Catching Up

We’re in Ushuaia now, staying in one place for three nights for the first time since Buenos Aires. The cruise doesn’t leave until Wednesday, so we can sit around and use the Internet (though not with our own computer since it doesn’t get recharged until then), walk to the local glacier, shop for cheap binoculars, and sleep.

Ushuaia is gorgeous. It’s like Switzerland. Everything we’ve seen so far in Argentina has been almost perfectly flat, except for some small mesas near the petrified wood. Here there’s a large sea inlet and snow-capped peaks on all sides. The town itself is pretty much all souvenir shops and restaurants, and tourists awaiting their cruises. At least we don’t feel quite as out of place.

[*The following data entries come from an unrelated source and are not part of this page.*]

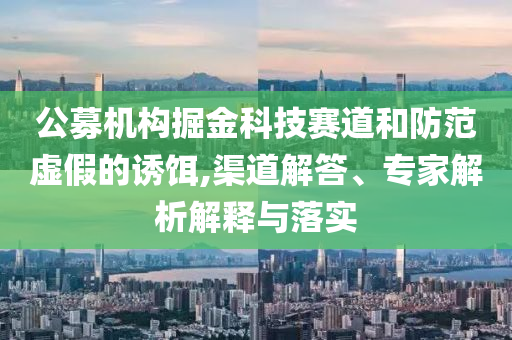 公募機構(gòu)掘金科技賽道和防范虛假的誘餌,渠道解答、專家解析解釋與落實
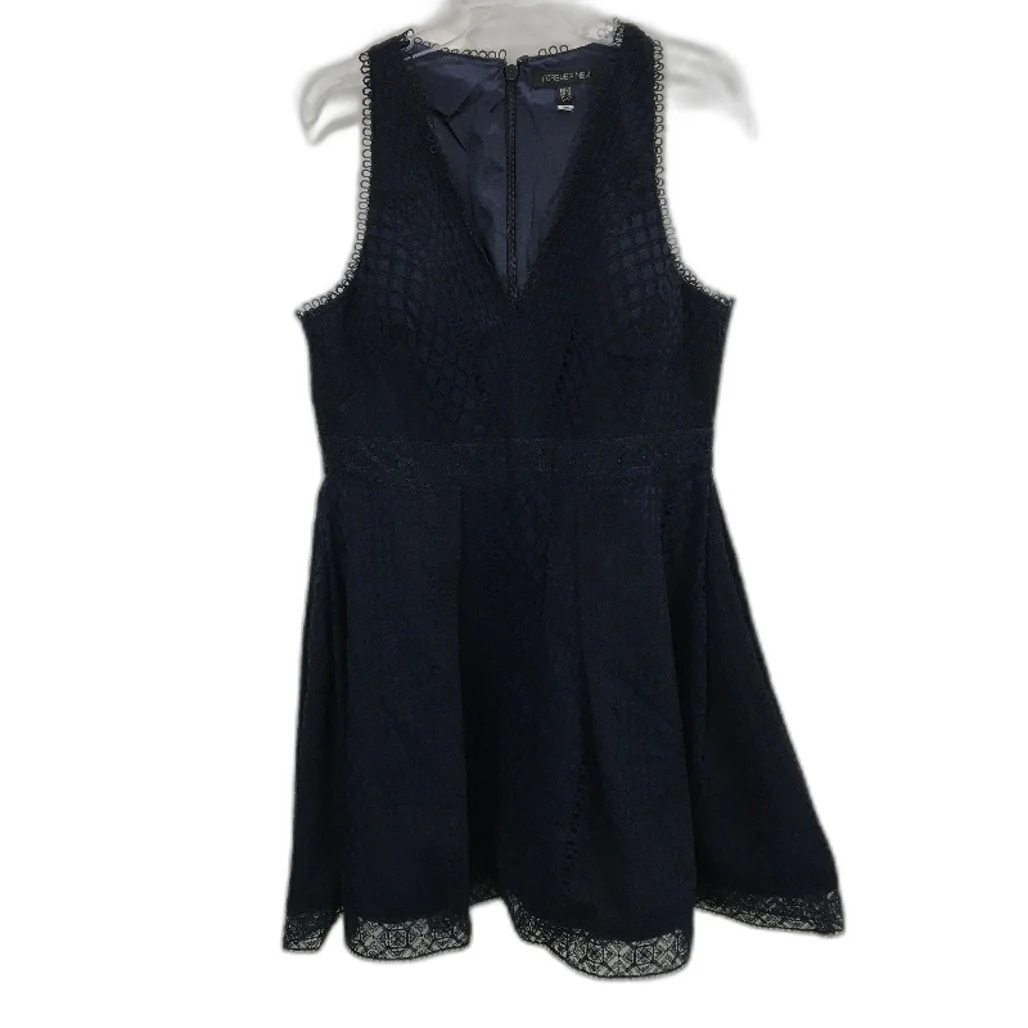Forever New Navy Lace Design Pattern A-Line Mini Dress Ladies Size AU 14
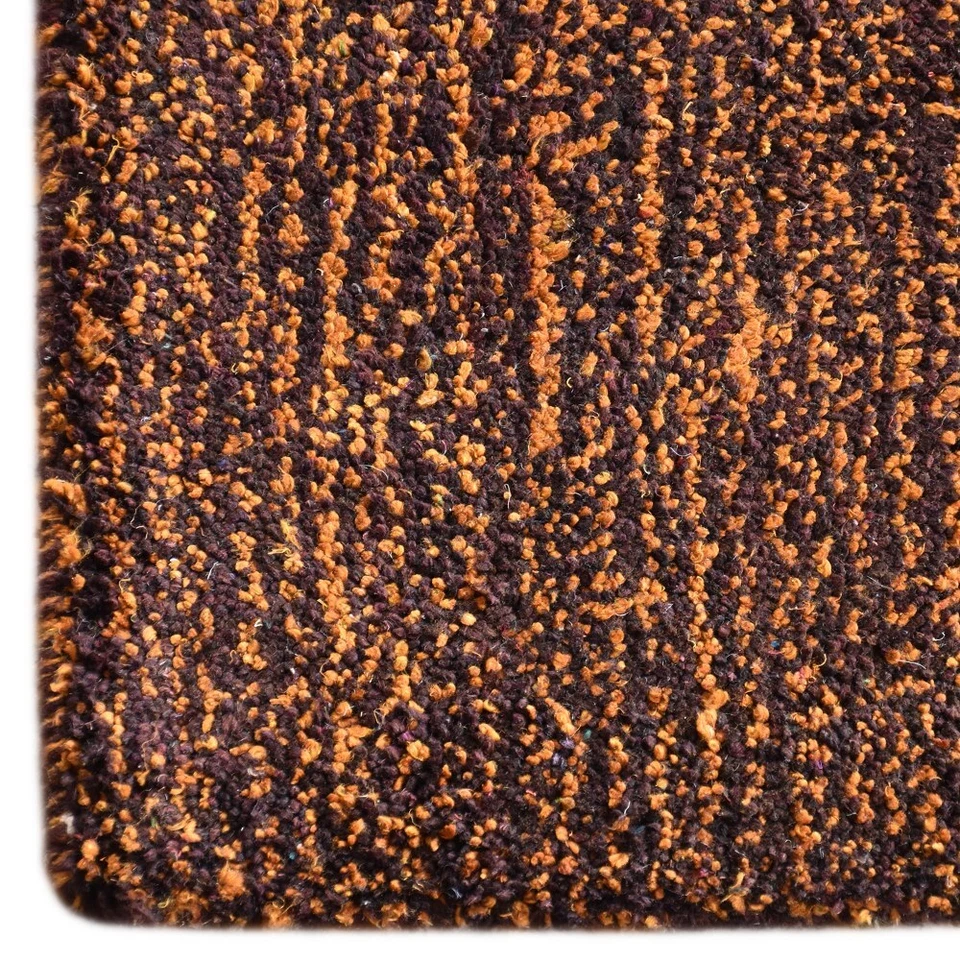 Alfombra de mezcla de seda con telar anudada a mano marrón macizo dorado BBH Homes BBLSM111 Foto 3 de 4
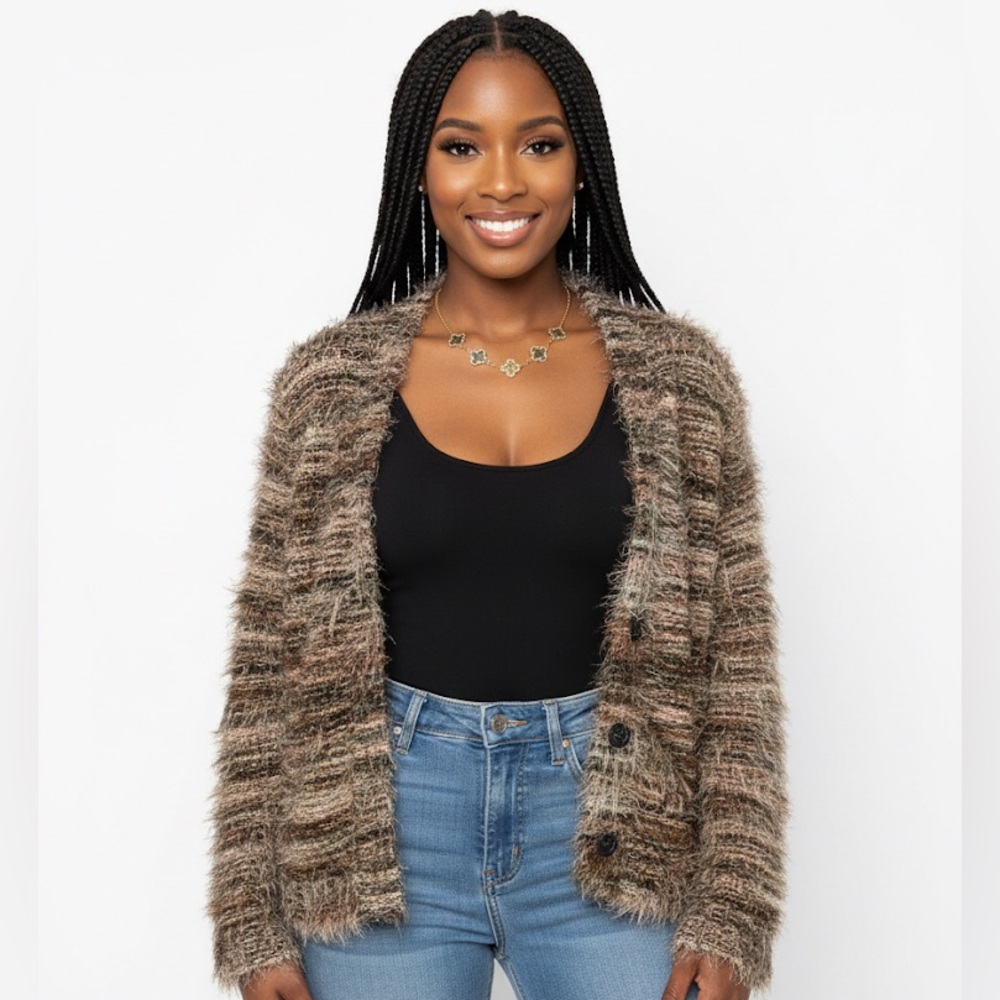 Multicolored Fuzzy Cardigan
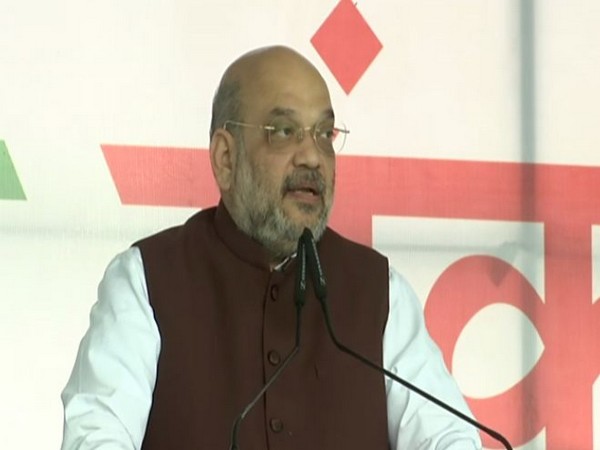 Union Home Minister Amit Shah while addressing an election rally at Navapur in Maharashtra on Saturday. Photo/ANI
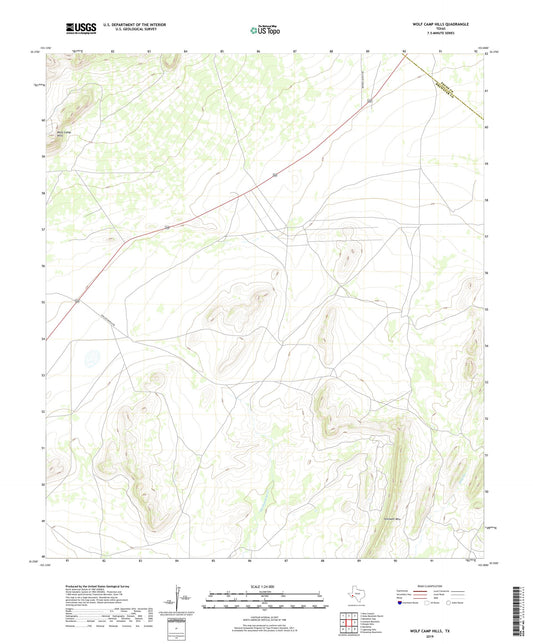 Wolf Camp Hills Texas US Topo Map Image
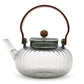Glass Infuser Teapot - Charcoal Ribbed Pearl - 950ml - Luna Panther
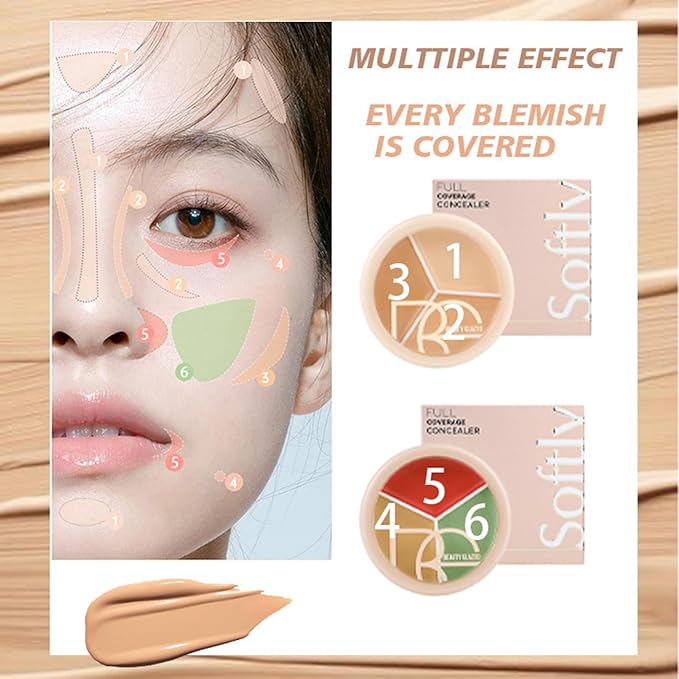Foundation Concealer Palette + Color Corrector Palette, Light Color Combination Cosmetics Cream Highlighting Palette, Cover Dark Circles, Bruises, Age Spots, Blemish, Vegan & Cruelty Free-Velvo Beauty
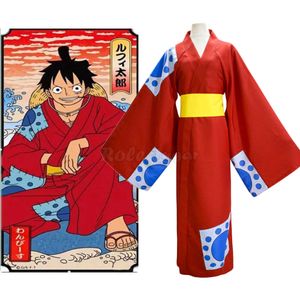 S-3XL Wano Country Monkey D. Luffy Cosplay Costume Japon Kimono Robe Kıyafetleri Erkek Kadınlar Cadılar Bayramı Karnaval Takımları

At some point Ray will likely make several detailed posts with various insightful comments using his notes and stuff he’s already written. But for now, I’ll try to recap what’s happened since our last post. Things have been very closed in the last two weeks — eight out of twelve days have been holidays or weekends.

Probably the highlight of our walking around Buenos Aires was the Museo Xul Solar, an Argentine artist. He made many very colorful paintings, many based on his own versions of astrological symbols, Tarot cards, and other spiritual themes of his own design. He was pals with Jorge Luis Borges.

In Tandil, three hours south of Buenos Aires, we bought several varieties of the local cheese and a salami which it turned out we had to chow down before entering Patagonia due to agricultural quarantining.

In Bahia Blanca, three more hours south, we stopped at the local modern art museum where we met a very friendly artist. He mentioned many places we should go on our trip, and one of them was Balneario El Condor, which is home to a large cliffside parrot colony, and close to a sea lion colony. From there a gravel road continues 140 km or so along the coast, past extensive wild beaches that had very few visitors. We stopped occasionally, and saw treats like a black-necked swan swimming in the ocean, and a desert tortoise on the road.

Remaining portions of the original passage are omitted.